• _Entries supplied_:
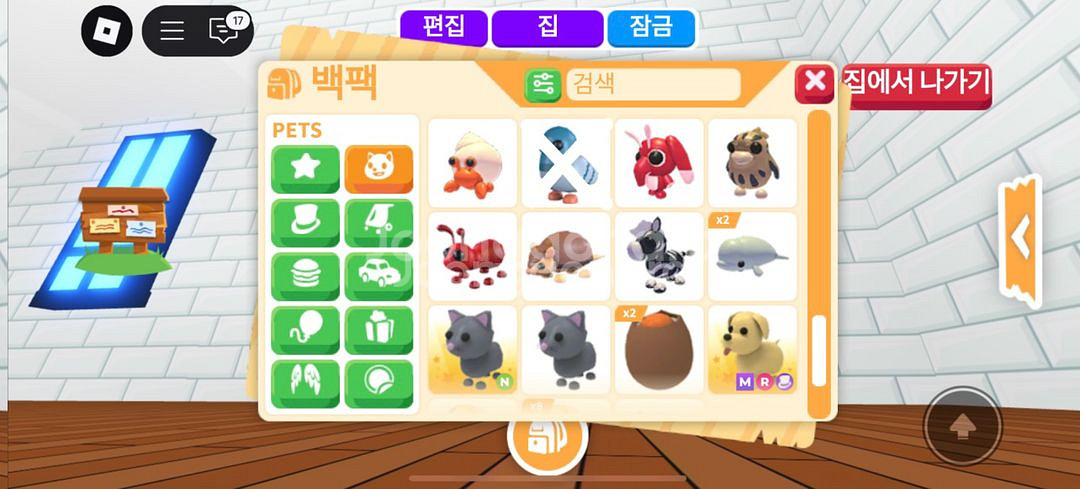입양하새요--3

...

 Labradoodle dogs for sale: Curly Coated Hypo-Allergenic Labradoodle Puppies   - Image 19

---

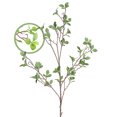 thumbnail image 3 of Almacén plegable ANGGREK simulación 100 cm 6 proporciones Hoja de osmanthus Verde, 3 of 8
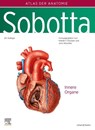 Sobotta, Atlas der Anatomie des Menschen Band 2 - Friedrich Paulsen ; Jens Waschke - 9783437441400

• _Exercise aim_: Quote the data above exactly from the line with "thumbnail image 3" to the line with "Sobotta, Atlas der", both ends counted, and nothing else. Pictures don't go in.

• _Answer_:
 thumbnail image 3 of Almacén plegable ANGGREK simulación 100 cm 6 proporciones Hoja de osmanthus Verde, 3 of 8
 Sobotta, Atlas der Anatomie des Menschen Band 2 - Friedrich Paulsen ; Jens Waschke - 9783437441400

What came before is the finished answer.